SFFILM ’17: Ma’ Rosa

“Sari-sari” means variety in Tagalog and Rosa’s Sari-Sari store lives up to its name. In addition to candy and cigarettes, she and her husband deal crystal meth (literally out of a cigar box). Unfortunately, Rosa’s Sari-sari is a little too well known in the neighborhood. Inevitably, Rosa and Nestor Reyes will be busted by Metro Manila’s “finest,” but these cops are not interested in collars. They are looking for a six-figure bail/ransom payment in Brillante Ma Mendoza’s Ma’ Rosa (trailer here), which screens during the 2017 San Francisco International Film Festival.

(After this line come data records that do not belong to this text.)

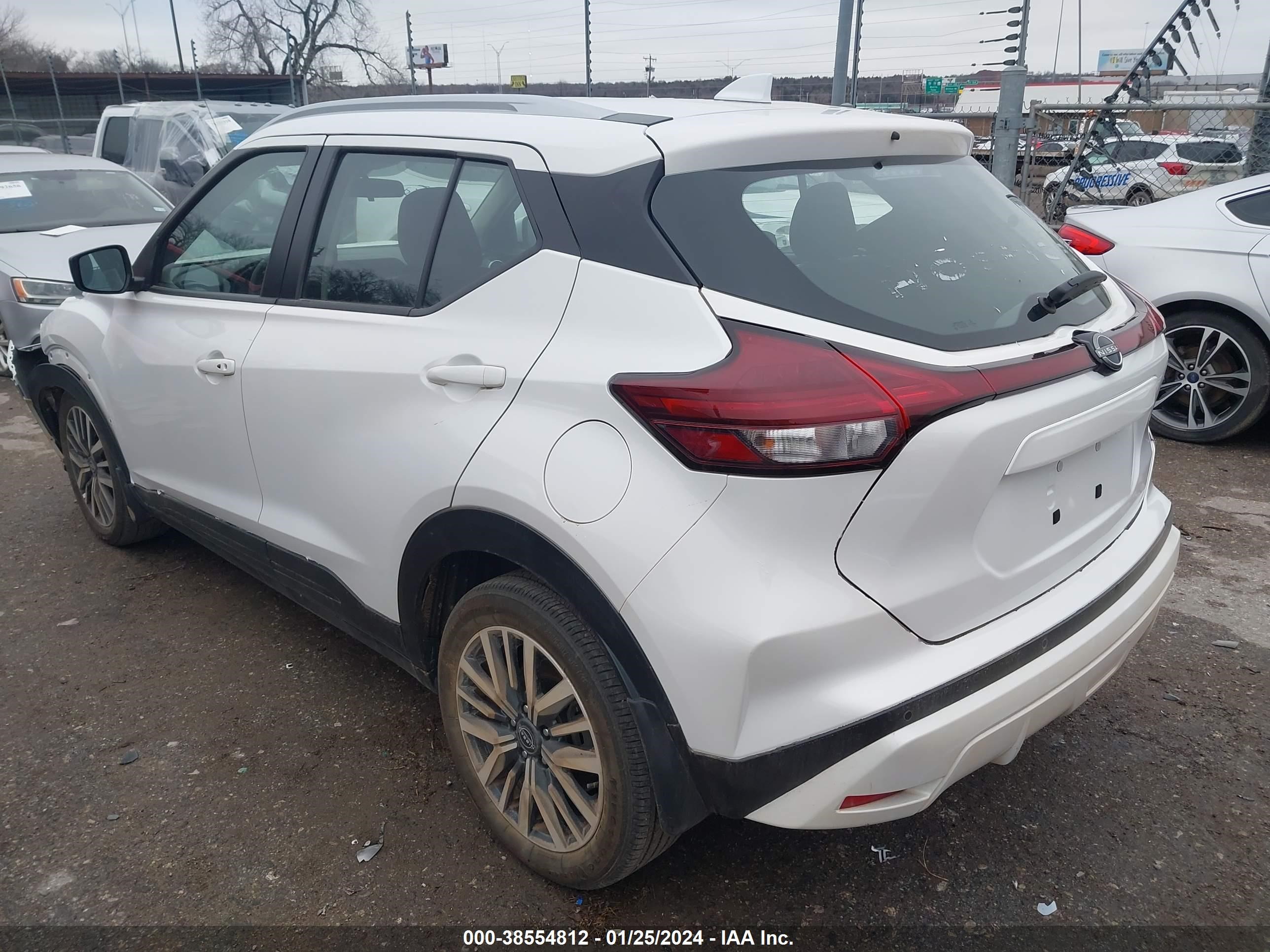 Photo 2 VIN: 3N1CP5CV3PL493315 - NISSAN KICKS 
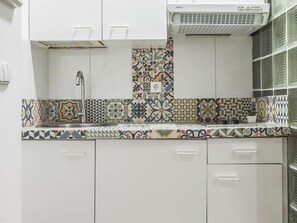 Fridge, microwave, coffee/tea maker, toaster - Economic study and cozy shared terrace - CENTRO - (Sevilla)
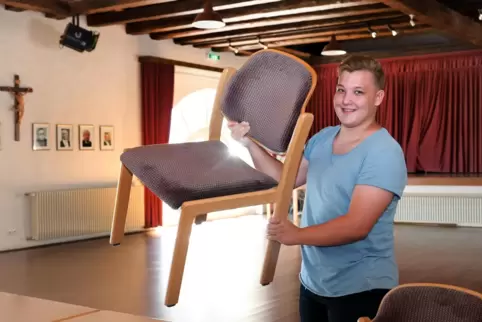 Hilft auch tatkräftig im Pfarrheim, wenn nötig: Michael Schnell.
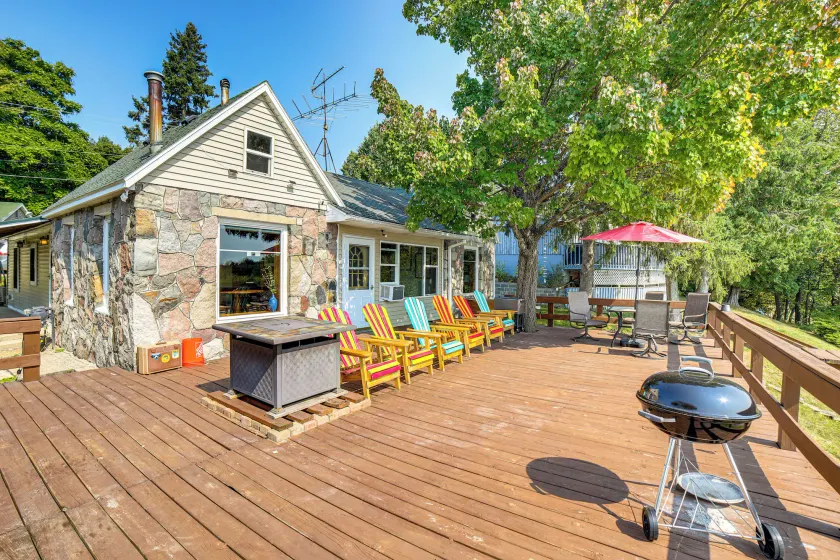Waterfront Cottage w/ Dock & Views in Six Lakes! - Image 1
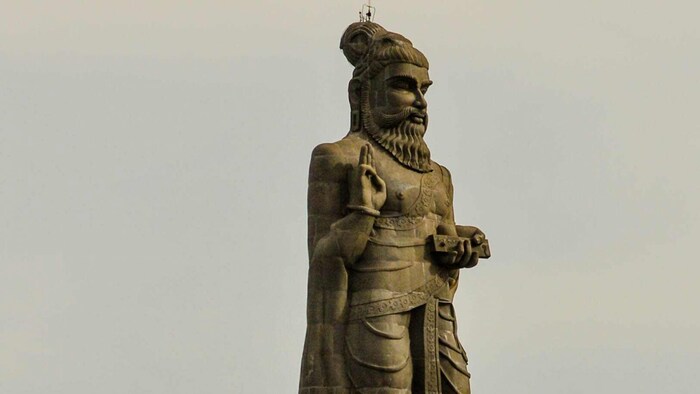 तिरुक्कुरुलची रचना करणारे अमर तमिळ कवी तिरुवल्लुवर यांचा हा पुतळा पर्यटकांना खूप आकर्षित करतो. 38 फूट उंच चौथाऱ्यावर बांधलेली ही मूर्ती 95 फूट आहे. या पुतळ्याची एकूण उंची 133 फूट असून तिचे वजन 2000 टन आहे. ही मूर्ती साकारण्यासाठी एकूण 1283 दगडांचा वापर करण्यात आला होता. तसेच ही मूर्ती तिरुक्कुरलच्या 133 अध्यायांचे प्रतिनिधित्व करते आणि त्यांची तीन बोटे, म्हणजे अराम, पोरुल आणि इनबाम, नैतिकता, संपत्ती आणि प्रेम या तीन विषयांचा अर्थ दर्शवितात.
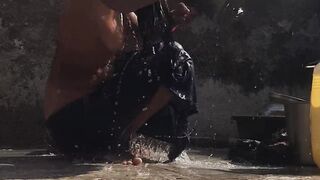 Desi stepsister was taking a bath in the open bathroom - 7 image
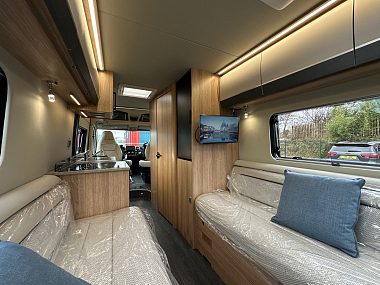  2025-autotrail-v-line-635-se-for-sale-at5200-48.jpg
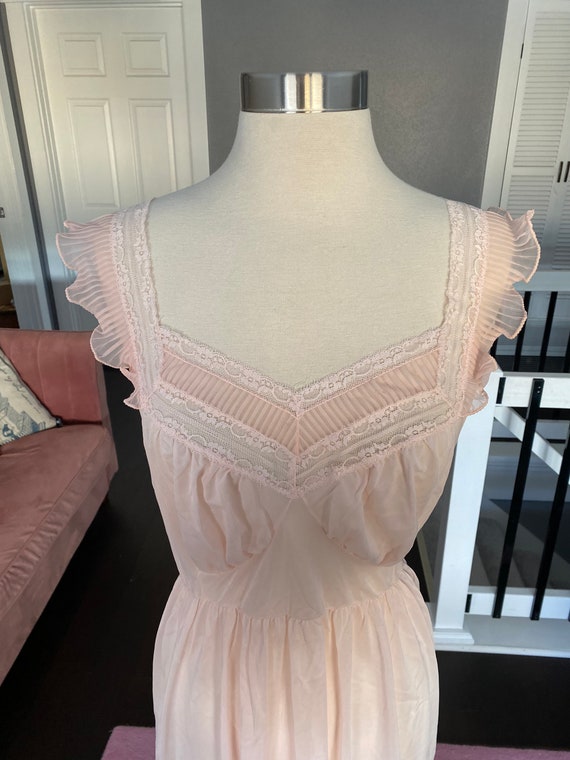 Vintage 1950’s light pink sheer nylon nightie, ni… - image 4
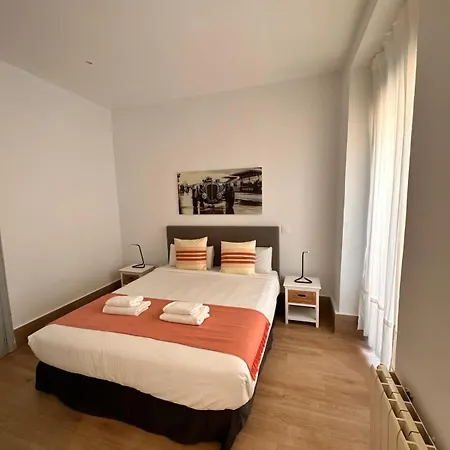 Amazing 3bd 3bth With 9 Balconies By Madrid4you Apartment Madrid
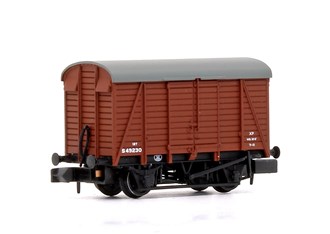 Graham Farish 377-429 [N] 1:148 SR 12T Ventilated Van Even Planked - BR Bauxite (Early)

Rosa Reyes is a wife, a mother, a struggling member of the proletariat, and a small-time drug dealer. Her husband Nestor is her chief accomplice, but he is more of a consumer than a seller. Wisely, they kept the dealing at arm’s length from their children, but Raquel, Jackson, and Erwin still know exactly what is going on. The police do too, but they just what to shake the couple down for money.

Since the Reyeses cannot afford the 200K “bail,” they have no option but to give up their supplier. Unfortunately, they remain on the hook for 100,000 Pesos, which their twenty-something children will have to raise quickly, by hook or by crook.

Like many of Mendoza’s films, Ma’ Rosa will leave viewers feeling waterlogged. It gives you a vivid, tactile sense of life in the rough & tumble Mandaluyong neighborhood, where it seems to monsoon several times a day. In addition to the sweltering naturalism, Ma’ Rosa offers an intimate critique of the Filipino criminal justice system, making it directly comparable in theme and tone to Mendoza’s Lola (a.k.a. Grandmother).

Jaclyn Jose is wonderfully, horribly ferocious as Rosa Reyes, whose survival imperative borders on the sociopathic, yet she still has her mothering instincts. Julio Diaz is just as chilling, but in an equal-opposite-reciprocal fashion as Nestor Diaz, the passive, soul-dead meth addict. Filipino “It Girl” actress-model Andi Eigenmann (Jose’s real life daughter) is almost unrecognizably glammed-down as the grimly dutiful Raquel (under ordinary circumstances, everyone with refined cinematic taste should be able to place her from the killer appliance movie, Fridge). As her brothers Erwin and Jackson, Jomari Angeles and Felix Roco slow burn to the point of explosion, just as Mendoza and screenwriter Troy Espiritu clearly suggest is liable to happen in the distressed Metro Manila district, as long as the cops keep running gangster-like extortion rackets.

You can label Ma’ Rosa poverty porn, but it has a tight, tense narrative, with stakes that start out high and keep rising, like a more predatory version of the Dardenne Brothers’ Two Days One Night. This is a grungy cautionary crime drama, depicting a situation nearly any Mandaluyong resident could be ensnared in. Highly recommended for those who appreciate socially-informed class-conscience drama, Ma’ Rosa screens this Saturday (4/8) and Sunday the 16th, as part of this year’s San Francisco International Film Festival.